My mother and her best friend taught me how to sew when I was about ten years old. First they made me practice sewing two pieces of fabric together by hand until my running stitches were even and I knew the difference between a running stitch, straight stitch, back-stitch, etc. Then they explained the various types of stitches and their use and some of the sewing terminology.
I, of course, was anxious to start with the sewing machine. Just let me make something. They tried to explain that I needed to master the hand stitches before moving on to the sewing machine. I couldn't understand why back then. I can now. I wanted to create something right then and there.
When they were happy with my hand sewing I moved on to the sewing machine. First they explained how the machine worked, the different parts of the machine, the different machine heads, the different stitches, winding bobbins, etc. I couldn't move on until I knew this. I had no idea when I wanted to learn how to sew how much I needed to learn first. I was ready to go. Let me at the sewing machine - now.
Finally, the day came when I was allowed to start my machine sewing - or so I thought. Au contraire!
First my mother and her friend explained all the sewing terms, showed me how to sew a straight line with the machine, how to sew in reverse, etc. Here, too, they had me practicing rows and rows of stitches on single pieces of fabric. I, of course, thought I was ready after sewing two or three rows of stitches.
My mother would look at my rows of stitching and tell me to continue practicing. My rows of stitching were crooked. I wasn't allowed to move on until they were straight. I really think my mother made me practice much more then I needed just to keep me out of her hair. In any event, I practiced sewing straight lines forward and backwards until I could do it with my eyes closed.
When I thought I was done and ready to start my project here, too, I was wrong. I had no idea they had a test in store for me. YIKES! I'm learning to sew not going to school. Needless to say I passed my quiz with flying colors and they decided I was ready to move on to my first pattern.
The first thing I decided to make was a shirt for myself. I set about buying a pattern, buying the material, supplies, etc. My mother wanted me to start with a simple pattern like a pillow. I convinced her I could handle a shirt. Little did I know that here, too, I would need to understand patterns and how they work before moving on. Just put me in front of the sewing machine. I can do this!
So, she showed me how to read the pattern and how to layout the pattern pieces on my material. I never followed the pattern layout instructions, then, and I still don't as I always thought they wasted too much material. She also told me to read the instructions carefully and to follow the pattern step by step. For my first few years I didn't dare go to step 5 before finishing steps 1 through 4. I thought the earth would fall apart if I did. What did I know I was just a kid!
So my mother explained how to read the various instructions on the pattern sheets and what the little black notches meant. I used to cut them off until I realized they could be quite useful. So I set about cutting out my shirt and then attempting to sew it.
I knew what I was doing, or so I told my mother. Let me do my shirt. So she, as mothers always do, sighed and said "fine!" Go ahead!
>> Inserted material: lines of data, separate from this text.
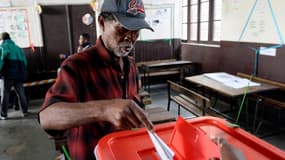 Un Malgache met son bulletin dans l'urne, le 25 octobre, à l'ouverture des bureaux de vote.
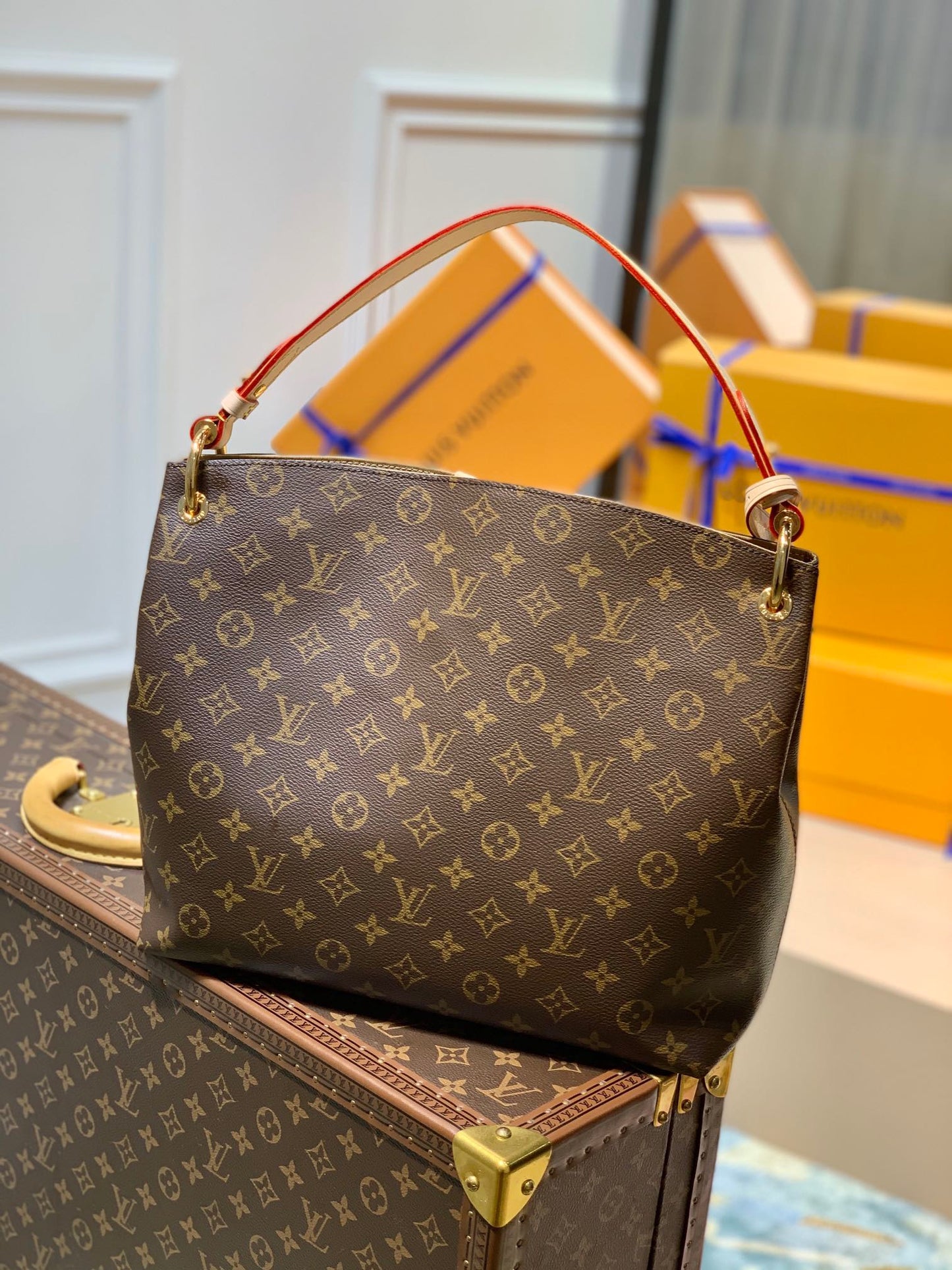 LOU GRACEFUL PM HOBO BAG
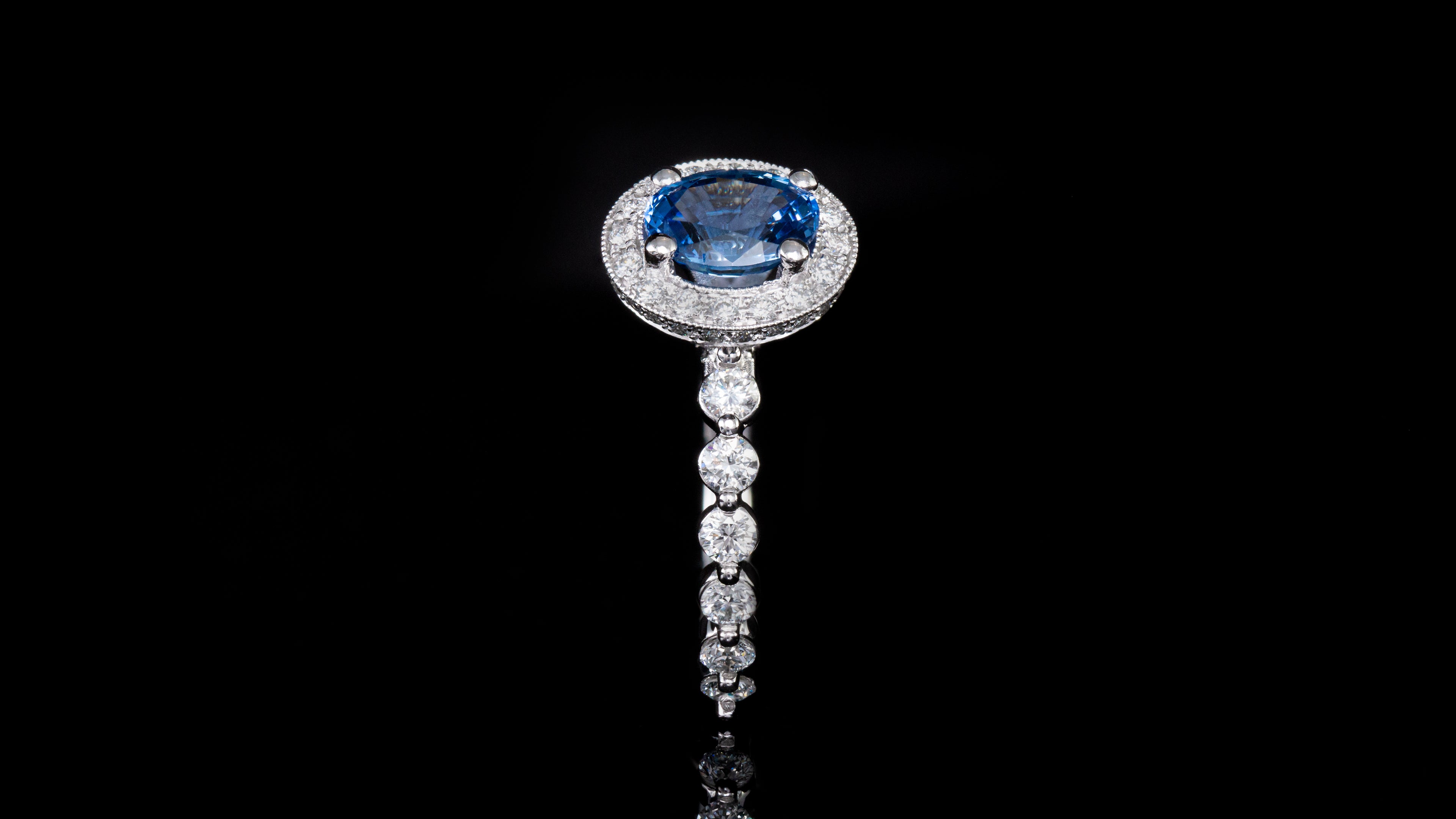 19K White Gold Blue Sapphire Ring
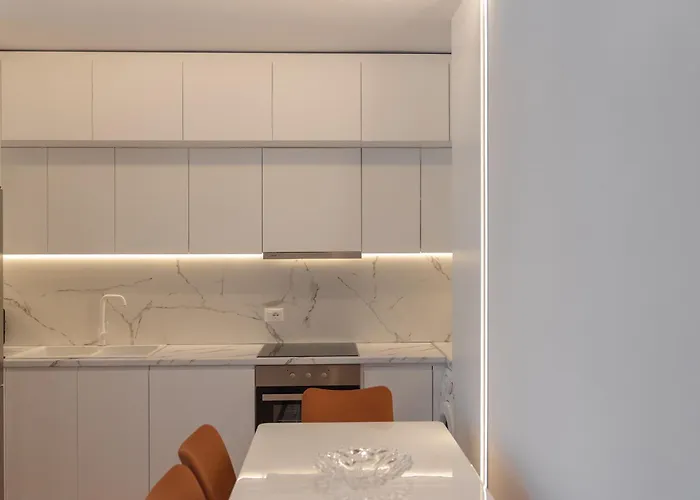 Belleview 8 * Tirana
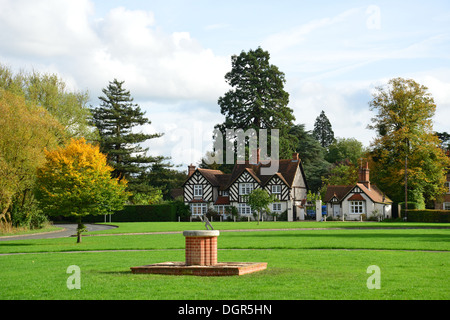 Millennium meridiana sulla Holyport verde, Holyport, Berkshire, Inghilterra, Regno Unito Foto Stock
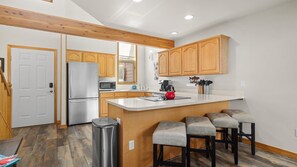 Refrigerador, microondas, horno, placa de cocina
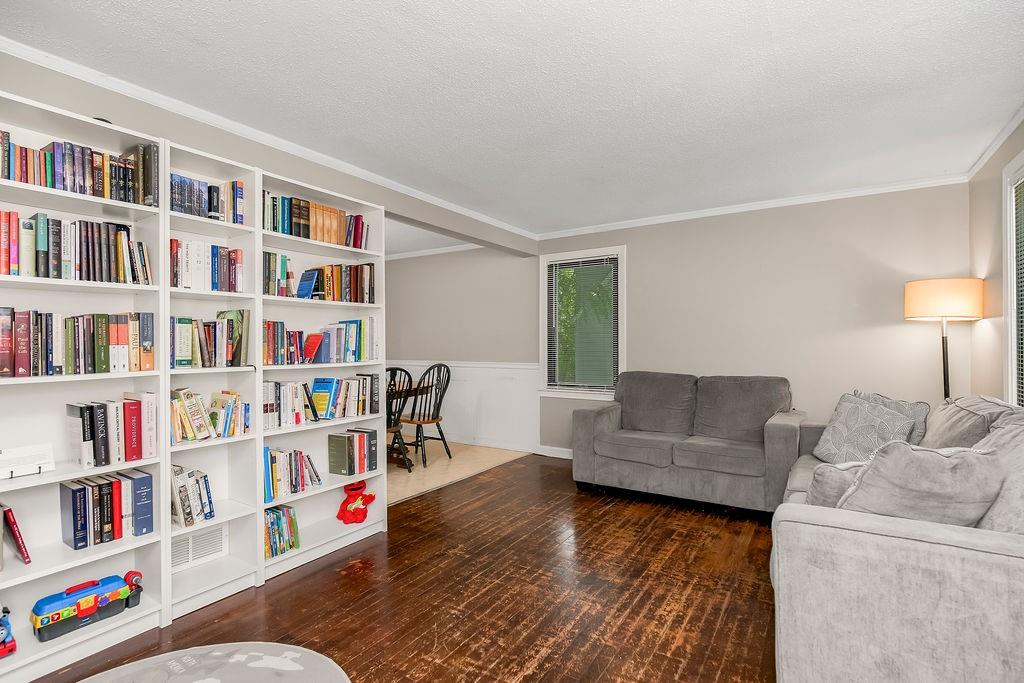 4335 N Oak Trafficway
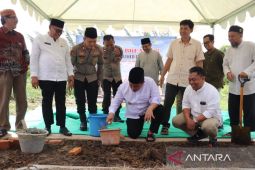 Bupati Bekasi resmikan pembangunan Masjid At-Tauhid Deltamas 1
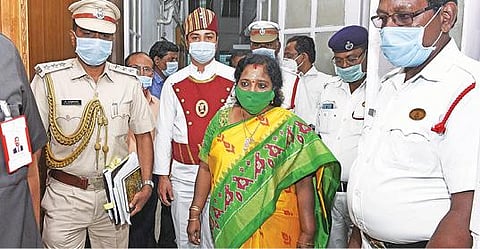 புதுச்சேரி சட்டசபைக்கு முதன் முறையாக வந்த துணைநிலை ஆளுநர் தமிழிசை சவுந்தரராஜன். படம்: எம்.சாம்ராஜ்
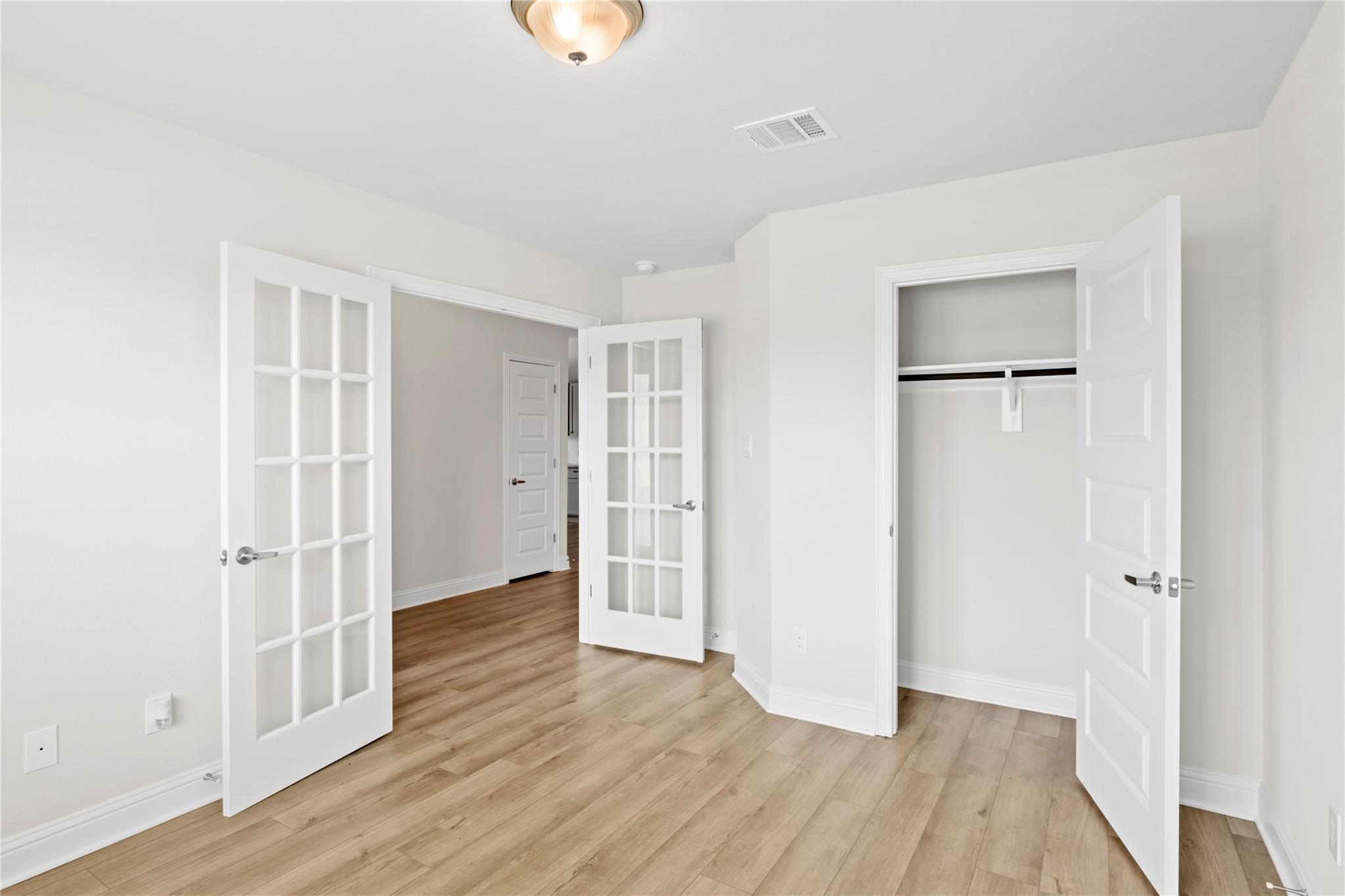 4320 Leslie's Way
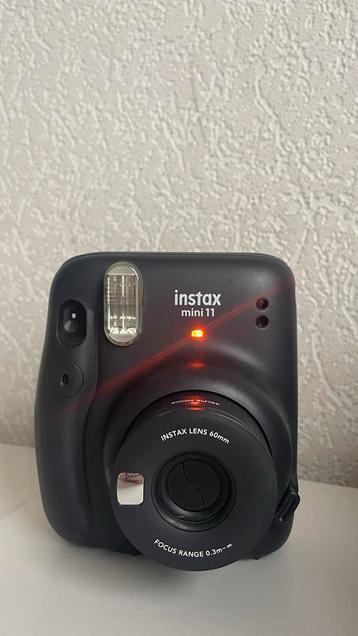 Instax Mini 11 + 7 foto’s beschikbaar voor biedingen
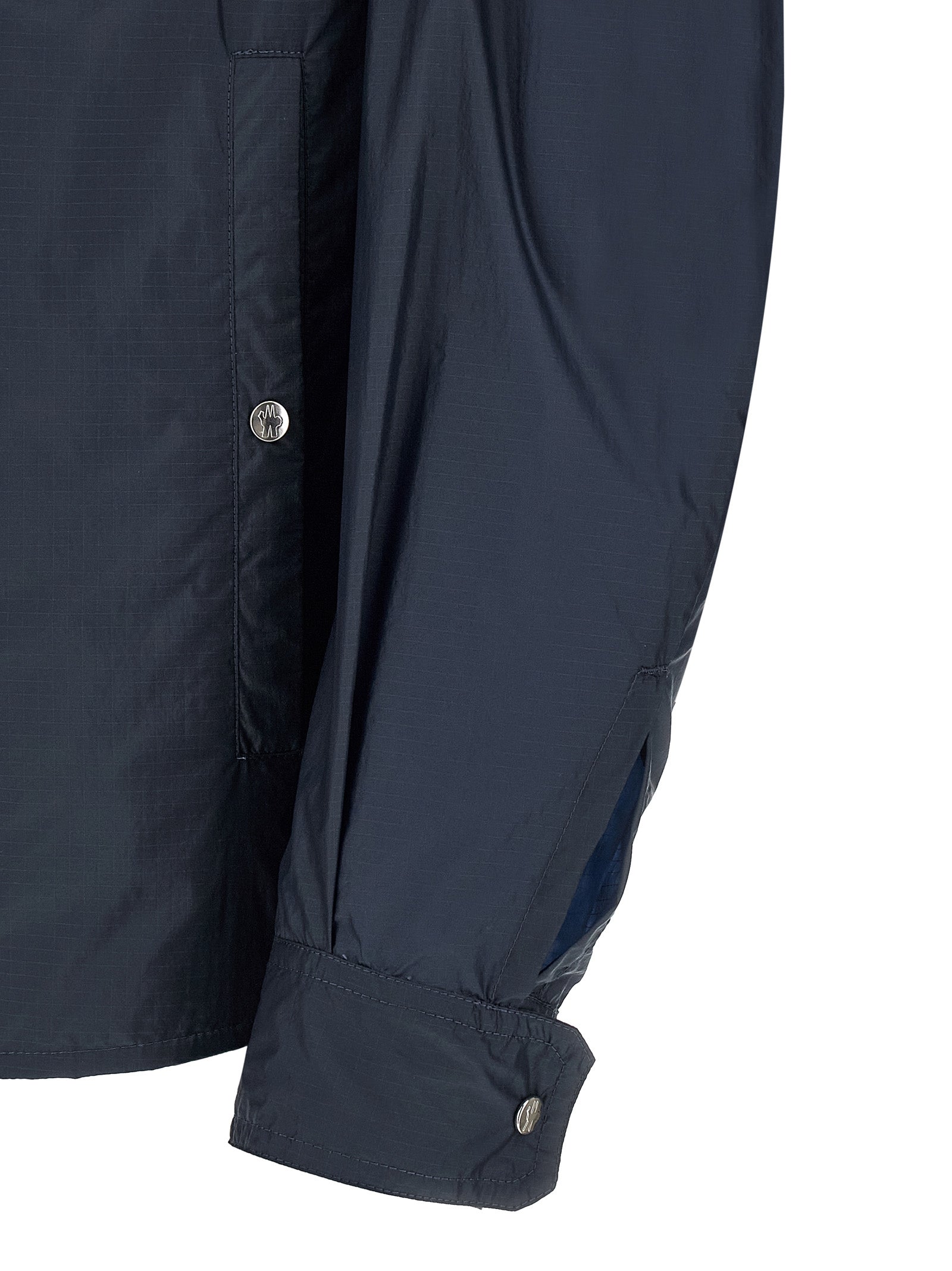 Blouse en polyamide bleue de Moncler, vêtement léger et élégant avec détails modernes, vue de face.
I sewed the side seams and the shoulders, then the side seams of the arms. Piece of cake. This is easy. Then the instructions said that I needed to sew the arms to the shirt easing the fabric so that it fit. Well, I looked at the shoulders of my arms and the armhole opening of my shirt. No way that was going to fit. The shoulders of my arms were way too big. I figured the pattern must be wrong so I cut the arms of my shirt straight across the top of the side seam so that the armhole opening of my shirt and shoulder of my arms would fit. Hey, no problem now. No more excess material. Oh, was I good. I sewed both of the arms on and then turned the shirt RSO.
I figured this might be a good time to try my shirt on. Of course when it came time to put the shirt on it was difficult at best. Well, you all know what happened. The sleeves were way too short and my armhole opening was a bit too tight. I looked ridiculous. So, when I asked my mother what the problem was she could barely contain her laughter. She didn't want to laugh as I knew she didn't want to discourage me but, I really did look ridiculous.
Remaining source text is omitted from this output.